Healthcare stocks led US stocks in a fairly flat line session after the worst opening day for eight years as biotech Gilead Sciences (O:GILD) rose after a new drug was found safe in trials. Still, price action was unconvincing as a number of prominent tech stocks including Apple (O:AAPL) and Netflix (O:NFLX) fell over 1%.

FX

The US Dollar was mostly higher on Tuesday as investors sought the safety of US assets. The dollar index reached its highest level since the ECB easing disappointment on December 3 as investors price in what could be a hawkish set of minutes from the FOMC on Wednesday.

The Japanese yen was the haven of choice in FX, hitting an eight month high versus the euro and gaining slightly versus the dollar.

The British pound gained against the euro after robust construction data but sank further against the dollar, marking a fresh eight-month low for the third day running.

Commodities

Oil prices have brushed past rising tensions in the Middle East and slumped gain on Tuesday as Saudi Arabia raised its February prices to Asia but lowered them for North West Europe ahead of API weekly inventory data.

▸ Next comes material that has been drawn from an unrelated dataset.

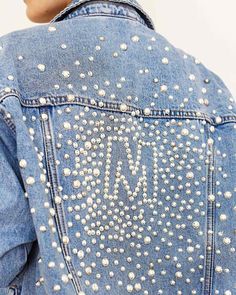 the back of a woman's jean jacket with pearls on it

The uncertainty surrounding China’s economy, stock market and the extent of government intervention, alongside an increasingly divided Middle East is sending investors to havens include gold and silver.

Industrial metals retraced some of Monday’s losses on Tuesday as Chinese equities recovered from Monday’s sell-off. Still the price of copper remained below $2.10 per lb inside a tight consolidation that’s been in place since the end of November.